TASK REQUIREMENTS: Line by line, repeat the material below exactly and skip the images.

GIVEN DATA:
⟨

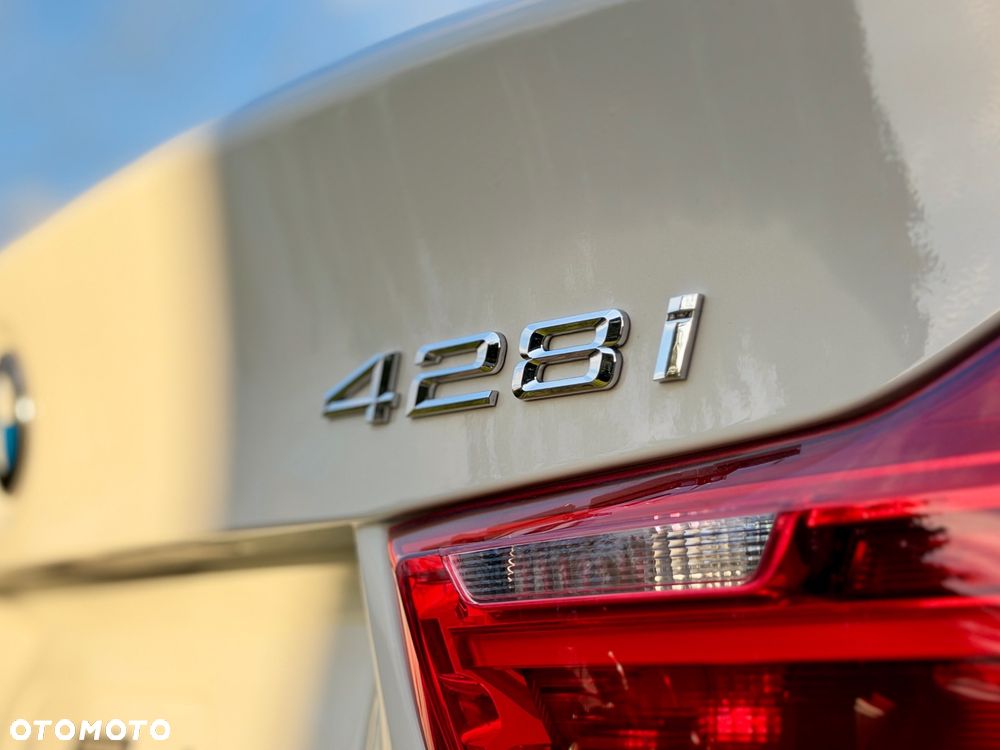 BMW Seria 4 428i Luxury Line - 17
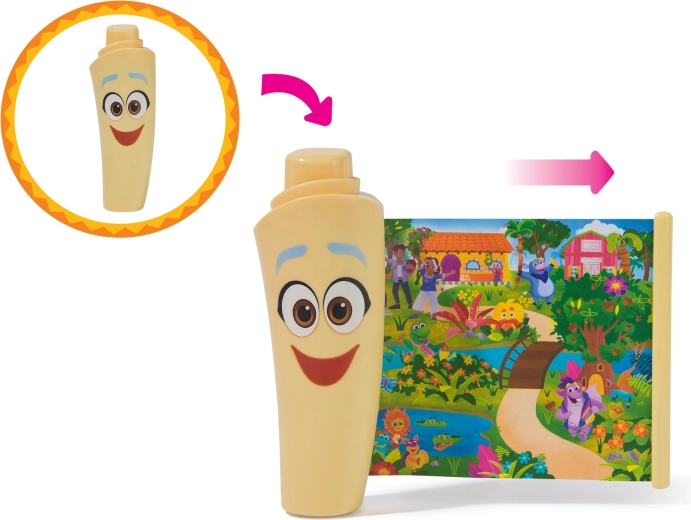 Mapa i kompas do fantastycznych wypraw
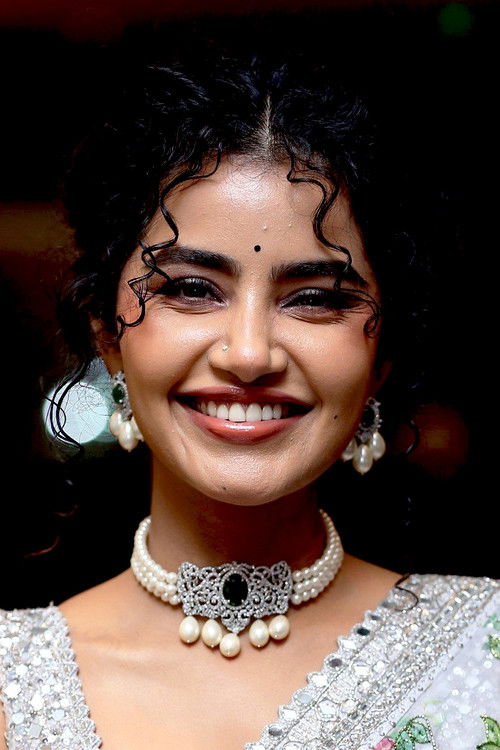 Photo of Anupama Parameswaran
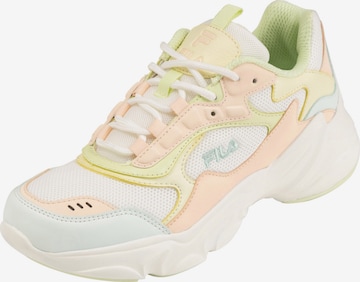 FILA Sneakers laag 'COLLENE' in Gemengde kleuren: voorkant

⟩

FINISHED EXERCISE:
 BMW Seria 4 428i Luxury Line - 17
 Mapa i kompas do fantastycznych wypraw
 Photo of Anupama Parameswaran
 FILA Sneakers laag 'COLLENE' in Gemengde kleuren: voorkant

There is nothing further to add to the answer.